The Year So Far: Department News & Notes for 2018-19

Submitted by Emma R Hinchliffe on

Here at Smith Hall we can’t quite believe that those beautiful cherry blossoms have come and gone, and that Spring Quarter is now in full swing. We’ve had a great year so far, full of exciting and engaging events showing, once again, that history matters. Learn more below. 

Autumn Quarter

SeptemberDepartment of History Autumn Reception

Always a time for celebration and excitement, this year’s gathering was also an opportunity to reflect on the lives of two great friends of the department: Larry Roseman and Karyl Winn.

Click on their names to learn more about them and their contributions.

OctoberRemembering Pittsburgh

Following the Oct. 27, 2018, mass shooting at the Tree of Life Synagogue in Pittsburgh, Professors Laurie Marhoefer, Susan Glenn, and Devin Naar from the Department of History were invited to participate in a roundtable discussion on the atrocity, hosted by the Stroum Center for Jewish Studies. Each speaker offered thoughts on the history of anti-Semitism in the United States and Europe and its role in this tragic event.

In line with the Department of History’s mission to connect the past and the present, the evening was intended to help the university and local communities reflect on and understand our current moment. Events like this offer a difficult but necessary reminder of the value of history as a tool to provoke discussions that shed light on our world, and empower our better natures.

A video of the event can be seen here.

Winter Quarter

JanuaryThe 2019 History Lecture Series

With winter came the always highly anticipated History Lecture Series. This year’s theme was Challenging Gender. Over four weeks, distinguished UW faculty presented to packed crowds in Kane Hall on exceptional individuals who, across five centuries of history, challenged the expectations of their gender and changed the cultural landscapes they inhabited.

Professor Charity Urbanski started things off with her lecture on Saint Joan of Arc. Her talk explored how this 15th-century French woman dressed in men’s clothing for practicality on the battlefield but also as a means to gain and project power. Although Joan’s habit of dressing “like a man” was often celebrated by her supporters, it would ultimately be offered by her enemies as evidence against her during her trial for heresy.

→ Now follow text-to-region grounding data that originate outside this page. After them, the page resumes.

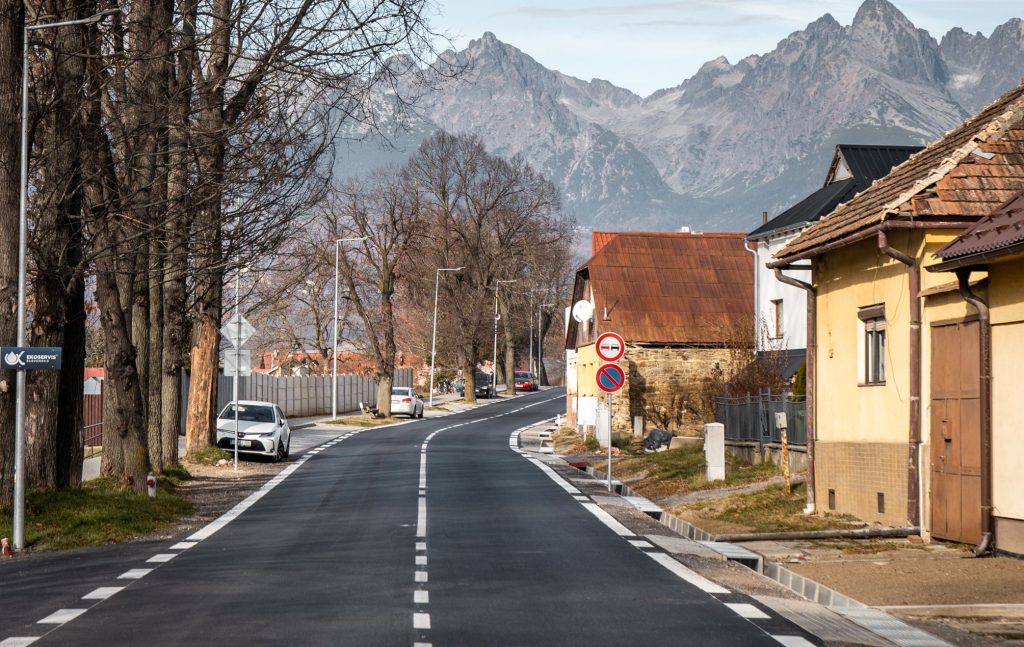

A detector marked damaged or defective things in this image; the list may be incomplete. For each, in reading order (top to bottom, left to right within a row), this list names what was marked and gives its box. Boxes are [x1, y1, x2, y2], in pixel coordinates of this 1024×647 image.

rusty metal roof [772, 81, 1024, 264]
rusty metal roof [940, 191, 1024, 268]
rusty metal roof [568, 232, 752, 346] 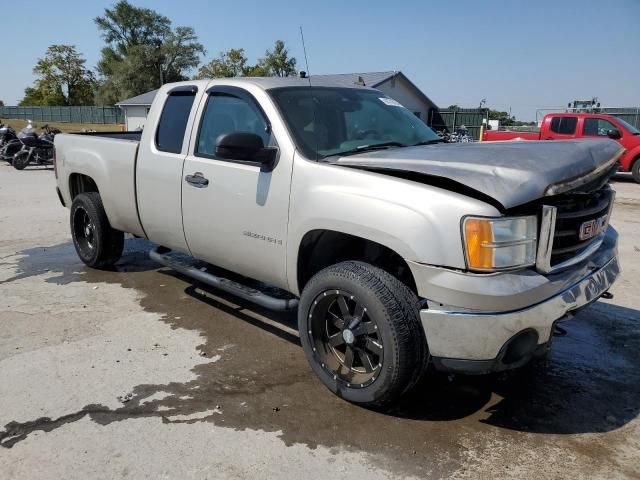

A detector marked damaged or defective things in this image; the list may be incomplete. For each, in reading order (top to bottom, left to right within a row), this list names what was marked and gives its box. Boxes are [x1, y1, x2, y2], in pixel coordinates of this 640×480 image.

damaged hood [332, 137, 624, 208] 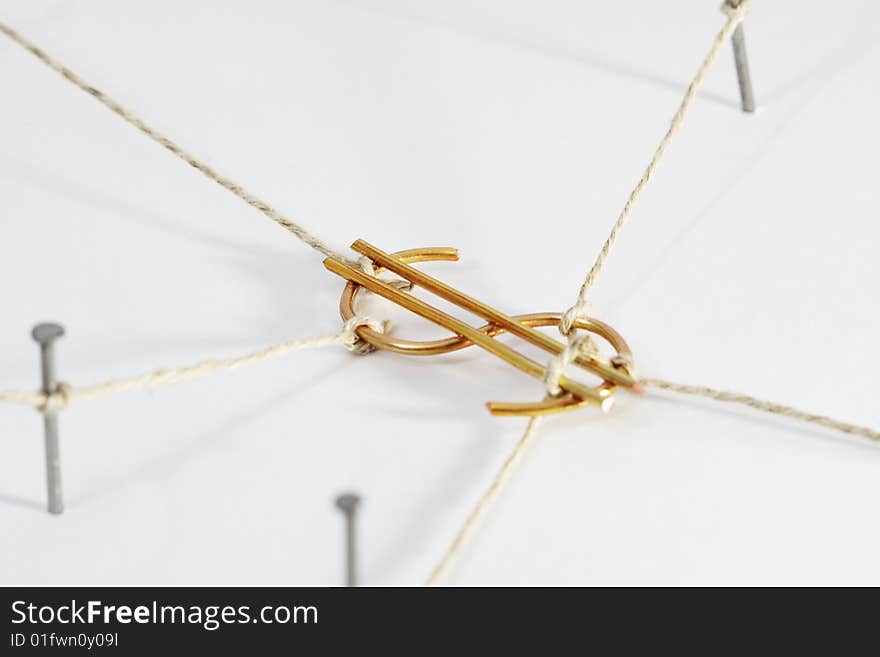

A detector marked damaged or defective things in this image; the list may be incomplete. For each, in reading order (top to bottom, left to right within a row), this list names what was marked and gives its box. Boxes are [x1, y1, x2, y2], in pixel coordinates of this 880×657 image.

bent metal symbol [324, 240, 640, 416] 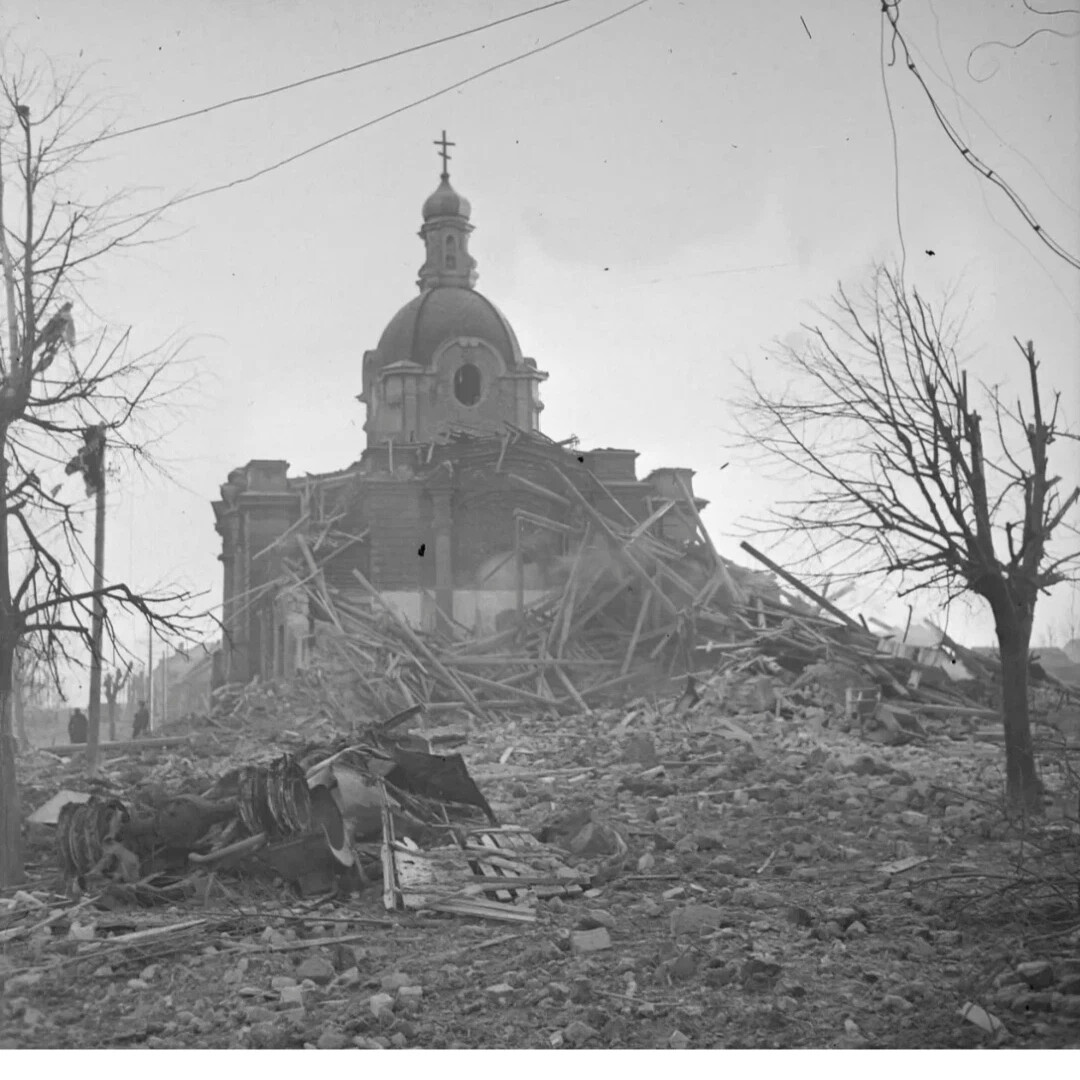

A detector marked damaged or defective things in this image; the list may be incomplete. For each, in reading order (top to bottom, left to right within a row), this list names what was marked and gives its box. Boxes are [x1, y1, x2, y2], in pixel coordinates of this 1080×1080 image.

damaged orthodox church [212, 137, 704, 684] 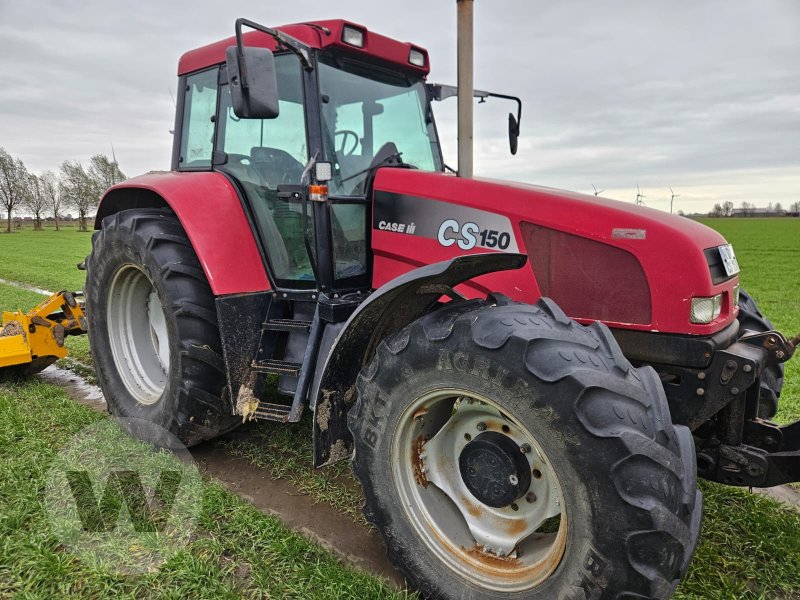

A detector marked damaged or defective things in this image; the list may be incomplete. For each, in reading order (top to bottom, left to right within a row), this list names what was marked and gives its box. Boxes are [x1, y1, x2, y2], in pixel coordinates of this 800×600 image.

rusty wheel rim [390, 390, 564, 592] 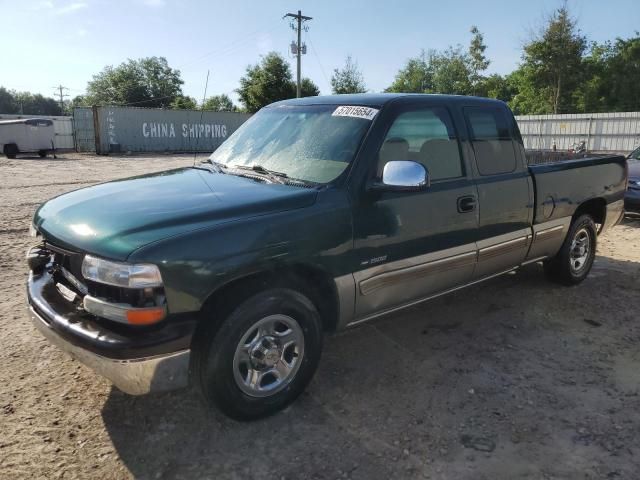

Next, Professor Elena Campbell spoke on one of the most powerful monarchs of 18th-century Europe: Catherine the Great. Campbell described the empress’s masterful manipulation of gender norms for personal and political gain. At some times, Catherine dressed as a man to embody the traditionally male attributes of strength and authority; at others, she used her identity as a woman to position herself, in a highly patriarchal society, as the benevolent and motherly leader of Russia and its sons.

The following week, Professor Purnima Dhavan discussed how male poets in the Mughal Empire of India and Pakistan used themes of love and desire in their work to define a spiritually grounded life and to explore gendered conduct in ways that still resonate today.

She focused especially on how and when male poets chose to speak in a female voice, exposing and exploring a fluidity of gender that has continued to inspire women’s rights and LGBTQ activists in the modern era.

To round out the series, Professor William Rorabaugh considered three prominent women from the 1960s: Betty Friedan, Angela Davis, and Janis Joplin. In a decade of precipitous change and a moment of determined action for civil rights and social justice, women were often at the vanguard of American life—an idea articulated by Davis with her iconic quote: “I am no longer accepting the things I cannot change. I am changing the things I cannot accept.” Rorabaugh’s lecture explored the subtle interplay by which these powerful women both shaped, and were shaped by, the tumultuous times they lived in.

If you missed any or all of these riveting lectures, don’t worry! All four are available to view online.

FebruaryCentennial of the 1919 Seattle General Strike

The University of Washington hosted several events to mark the 100-year anniversary of the Seattle General Strike of February 6, 1919. Department of History Professor James Gregory was a principal organizer and participant in many of these activities, which commemorated the strike and the long history of labor activism in the Pacific Northwest.

An exhibit on the strike—featuring the extensive records of the Labor Archives of Washington, housed at UW Libraries—is currently on display in the Special Collections Lobby and Reference Room at the Suzzallo and Allen Libraries. It runs until June 7, 2019.